YOUR ASSIGNMENT >>
Take the lines below from the one with "Măng tre Bát" through the one with "Oversized Snow Washed" and retype them exactly. Include nothing else, and no pictures.

*** Opening of EXCERPTED DATA ***

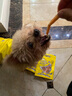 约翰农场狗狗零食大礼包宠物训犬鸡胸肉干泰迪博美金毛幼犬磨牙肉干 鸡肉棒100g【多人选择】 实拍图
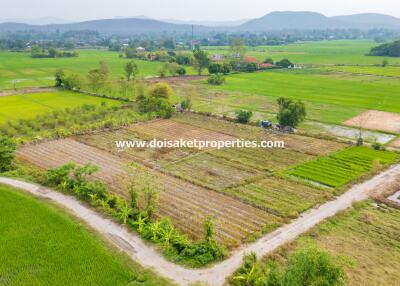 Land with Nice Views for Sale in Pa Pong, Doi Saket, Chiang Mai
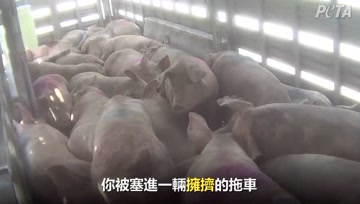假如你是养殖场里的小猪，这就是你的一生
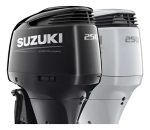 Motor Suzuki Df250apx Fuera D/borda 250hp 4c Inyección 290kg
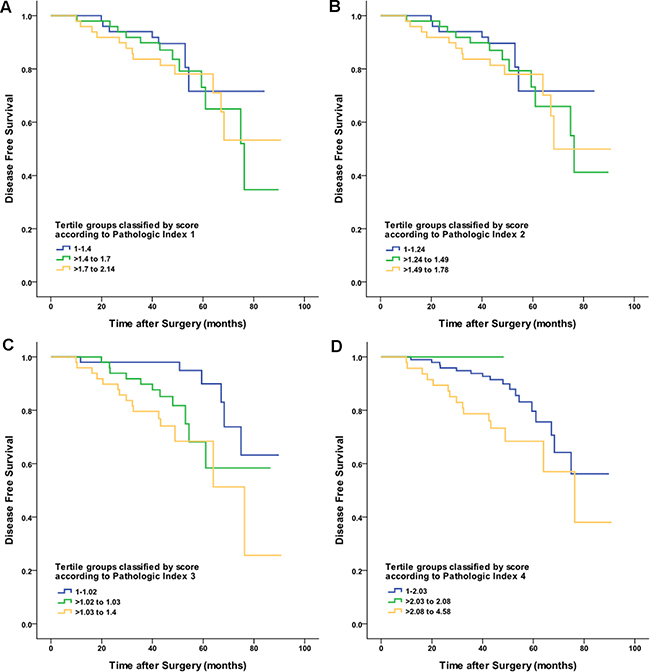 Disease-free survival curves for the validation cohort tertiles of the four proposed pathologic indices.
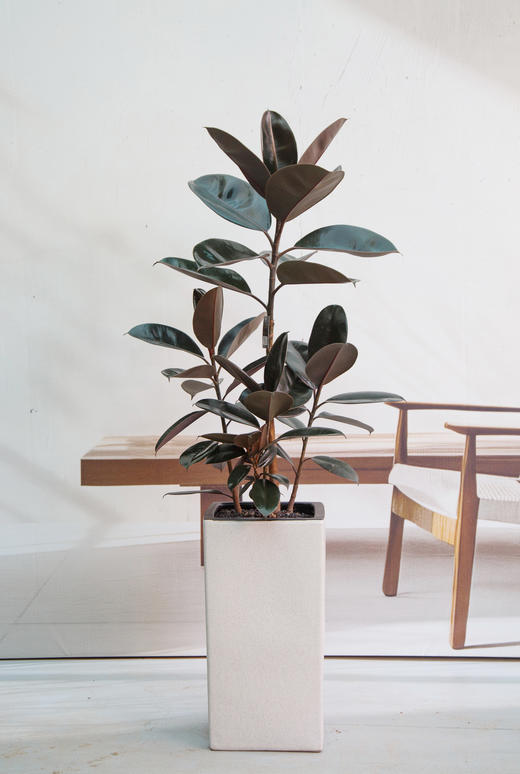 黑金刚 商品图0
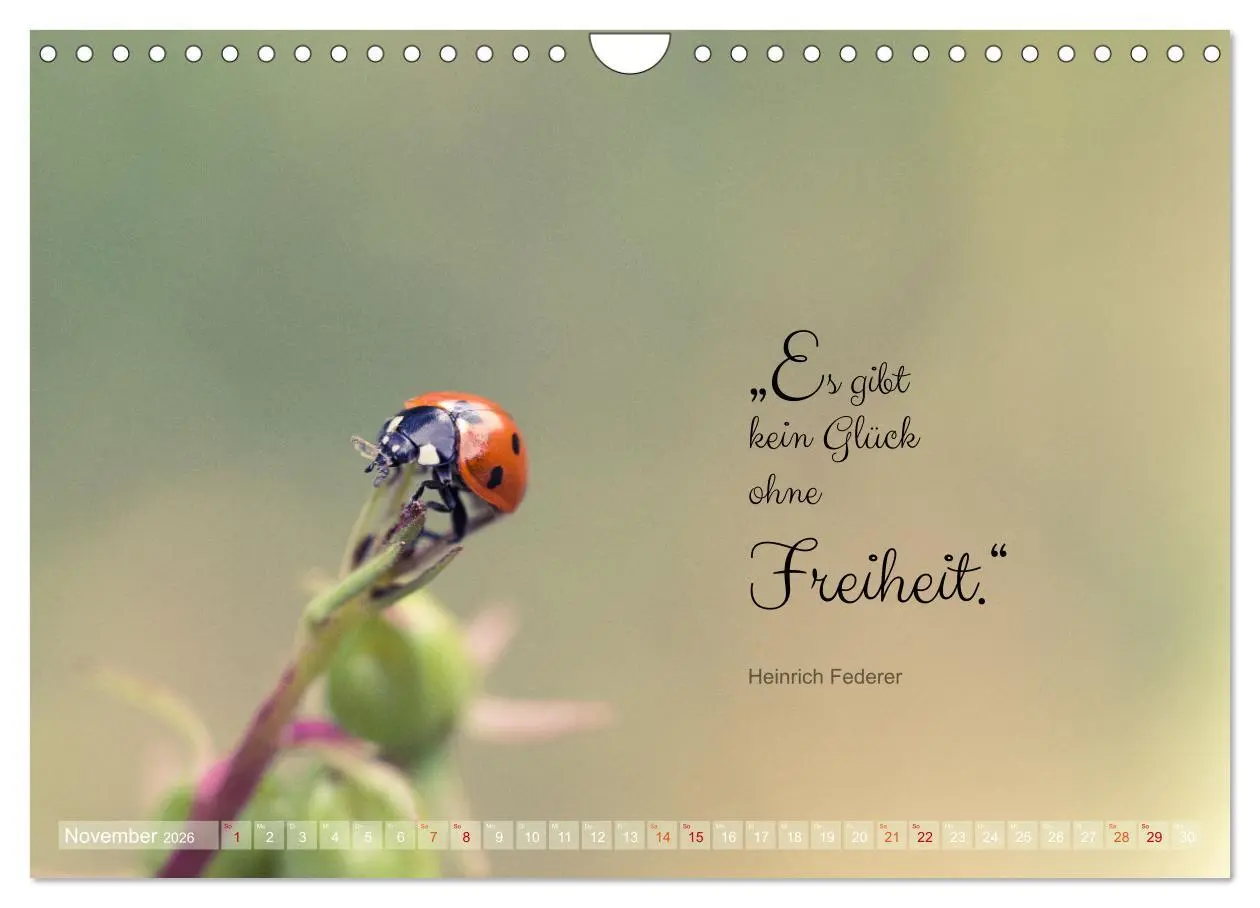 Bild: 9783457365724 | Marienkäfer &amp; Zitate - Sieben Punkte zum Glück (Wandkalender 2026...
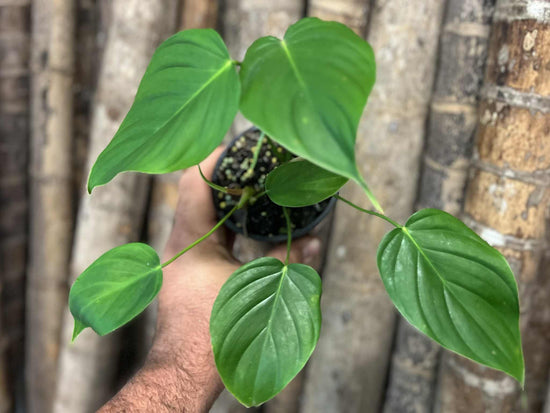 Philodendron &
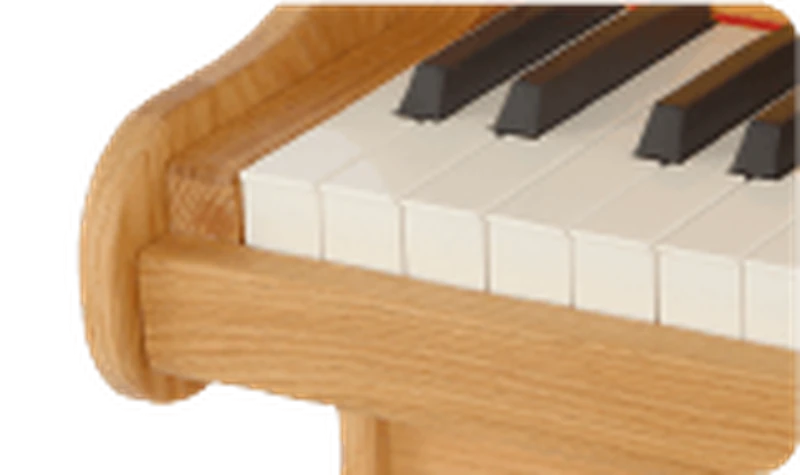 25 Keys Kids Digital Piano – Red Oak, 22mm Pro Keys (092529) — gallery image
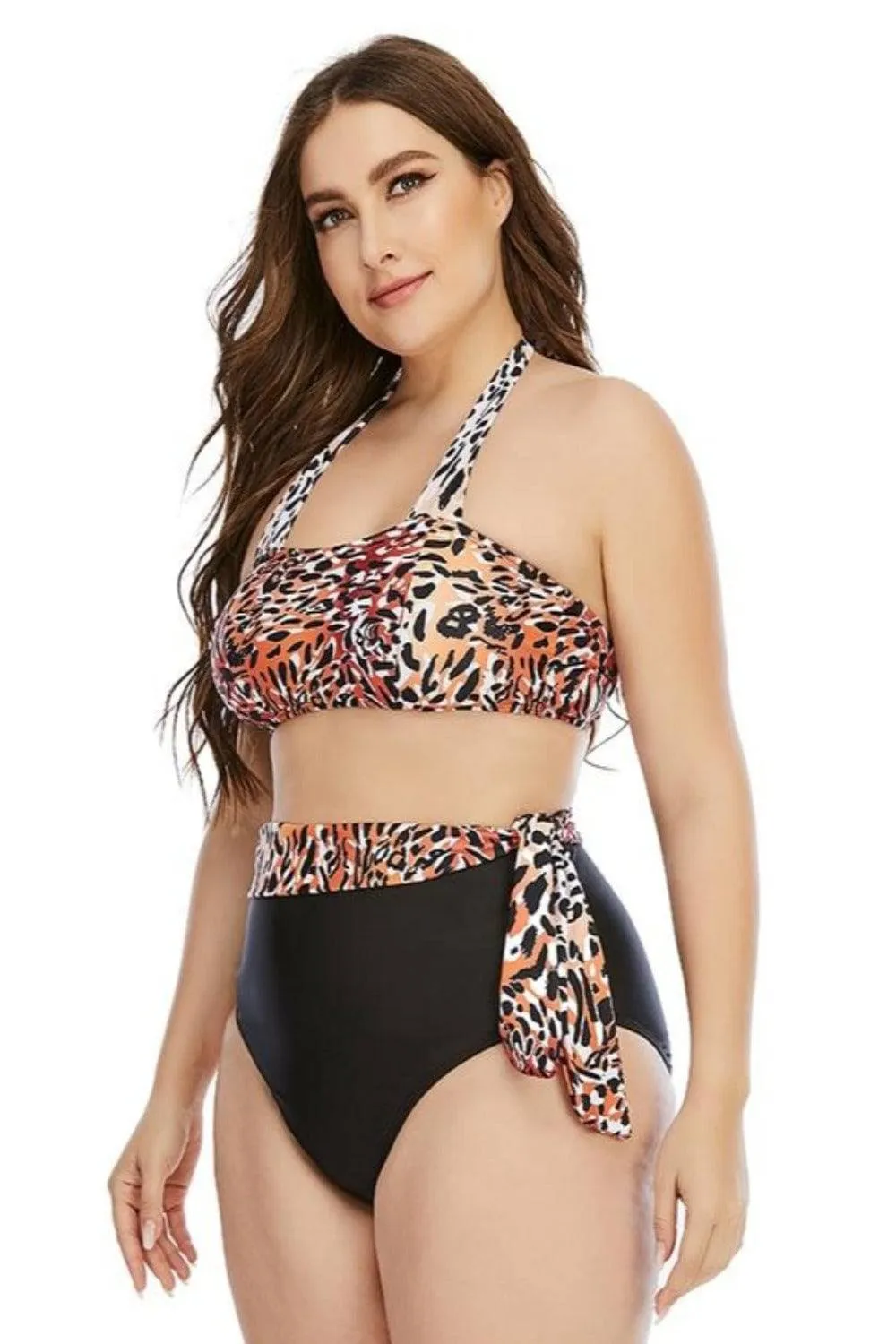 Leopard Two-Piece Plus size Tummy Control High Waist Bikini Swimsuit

*** Close of EXCERPTED DATA ***
*** Opening of EXCERPTED DATA ***

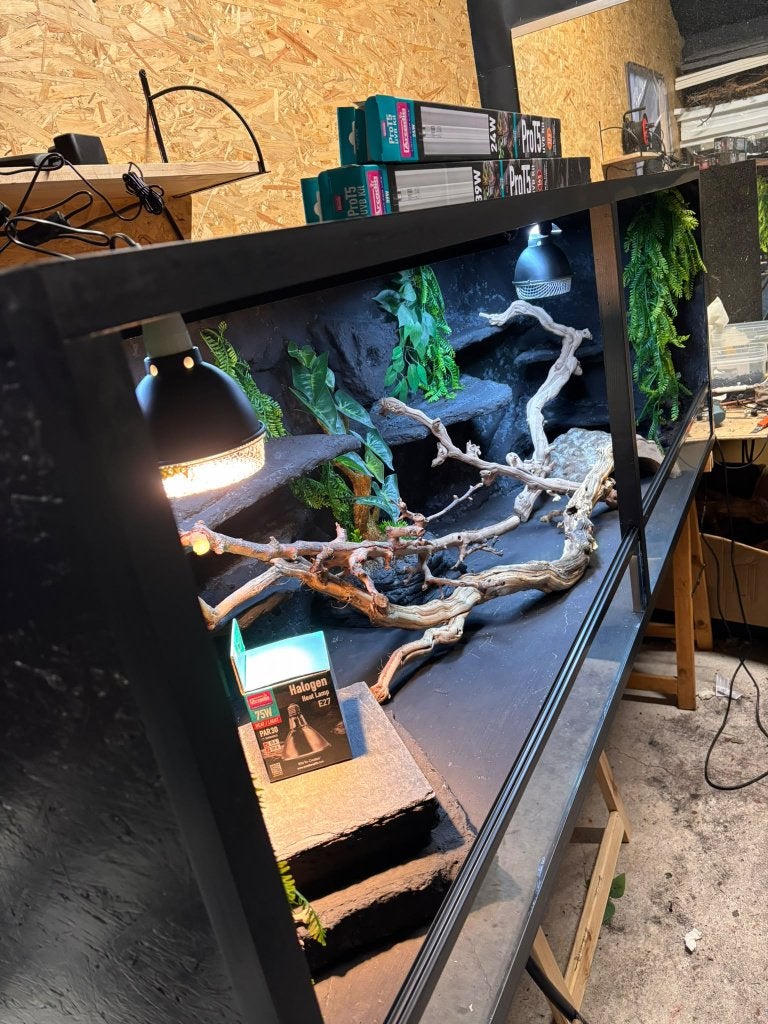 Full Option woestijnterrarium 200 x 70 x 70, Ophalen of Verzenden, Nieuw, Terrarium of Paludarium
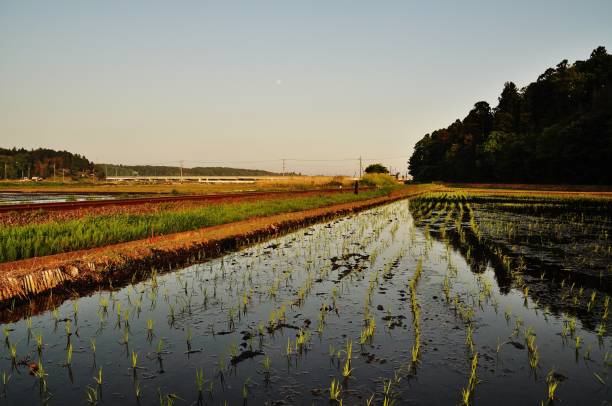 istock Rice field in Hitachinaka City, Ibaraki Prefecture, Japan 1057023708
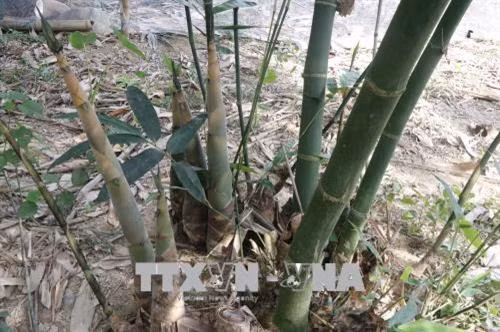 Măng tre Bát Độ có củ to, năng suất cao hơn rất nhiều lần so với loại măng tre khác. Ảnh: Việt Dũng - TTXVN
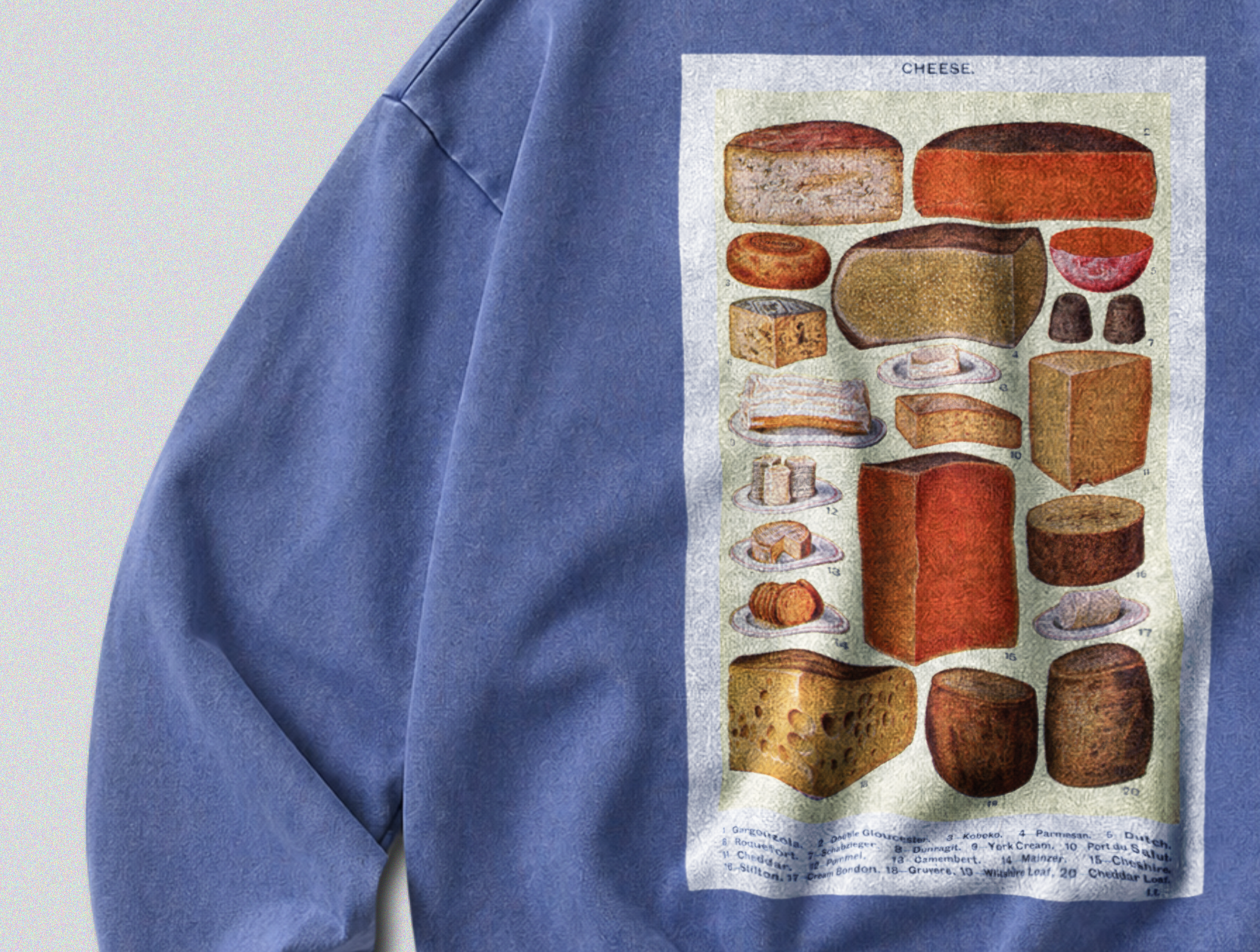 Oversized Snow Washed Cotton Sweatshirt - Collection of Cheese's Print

*** Close of EXCERPTED DATA ***

EXPECTED OUTPUT >>
 Măng tre Bát Độ có củ to, năng suất cao hơn rất nhiều lần so với loại măng tre khác. Ảnh: Việt Dũng - TTXVN
 Oversized Snow Washed Cotton Sweatshirt - Collection of Cheese's Print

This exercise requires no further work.